[slurm-users] derived counters

Ole Holm Nielsen Ole.H.Nielsen at fysik.dtu.dk
Fri Apr 16 08:53:58 UTC 2021


Hi Jürgen,

On 4/13/21 6:29 PM, Juergen Salk wrote:
> * Heckes, Frank <heckes at mps.mpg.de> [210413 12:04]:
> 
>> This result from a mgmt. - question. How long jobs have to wait (in s, min, h, day) before they getting executed and
>> how many jobs are waiting (are queued) for each partition in a certain time interval.
>> The first one is easy to find with sacct and submit, start counts + difference + averaging.
> 
> Hi Frank,
> 
> depending on the definition of "waiting time", the "reserved" field
> from sacct may be more appropriate than "start" minus "submit". For
> example for dependency jobs (aka chain jobs) the latter does also
> count the time a job had to wait for another job to finish
> whereas "reserved" will only start counting when a job becomes
> eligible.

The slurmacct tool 
(https://github.com/OleHolmNielsen/Slurm_tools/tree/master/slurmacct) 
calculates the waiting time as you recommend:

wait = start - eligible

I have experienced eligible == "Unknown", in which case I use the submit 
time as the best guess.

> However, the "eligible" and "reserved" fields in sacct will be
> set or increased also if a job has hit a resource throttling limit,
> which may be something you want to factor out of the job waiting time
> as well.
> 
> Unfortunaty, I haven't found any metrics in sacct that does only
> count (or allows to derive) the time a job had to wait just for
> sufficent resources to become available. Maybe someone else?

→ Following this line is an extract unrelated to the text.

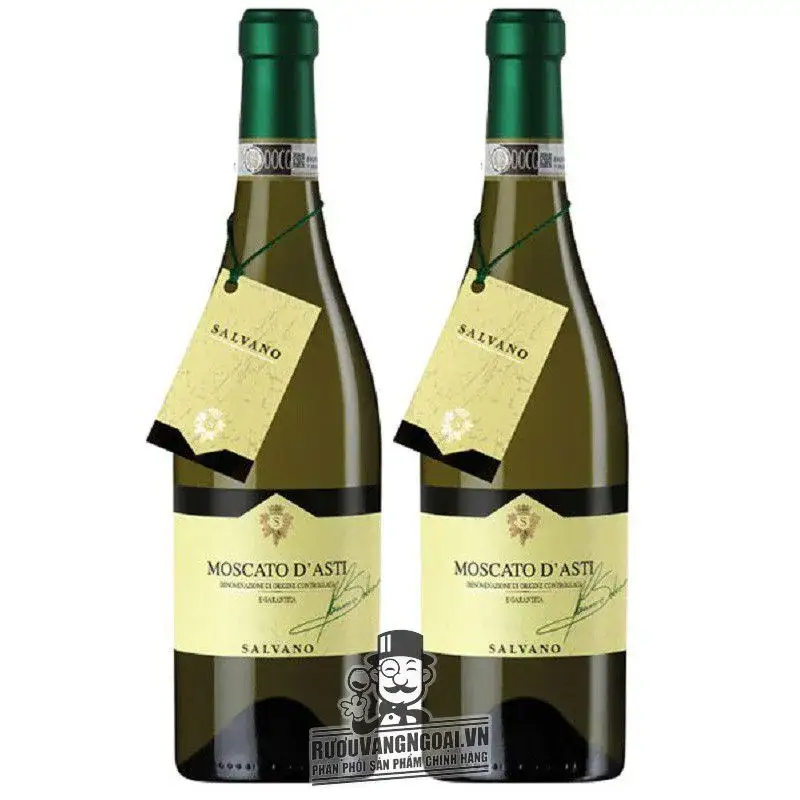 Địa chỉ bán moscato dasti giá rẻ nhất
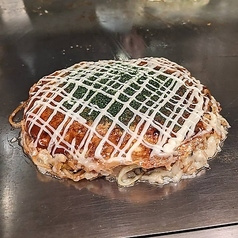 一銭坊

Good point!  I don't have an answer...

>> The second is a bit cumbersome, so I wonder whether a 'solution' is
>> already around. The easiest way is to monitor from the beginning and
>> store the squeue ouput for later evaluation. Unfortunately I didn’t
>> do that.
> 
> Not sure if this is a solution for you but I think you can at
> least resample this retrospectively from sacct by using something like
> 
>    sacct -a -X -S 2021-04-01T00:00:00 -s PD -o JobID,User,Partition
> 
> This will return job records for all jobs that were in pending state

That's a nice trick!  According to the sacct man-page, when you specify 
the state (-s PD) and the starttime with -S, the DEFAULT TIME WINDOW in 
this case sets endtime=starttime.  Thus you get a snapshot of the Pending 
jobs at the instant given by -S.  This could definitely be used to make 
graphs of Pending jobs in each partition as a function of time.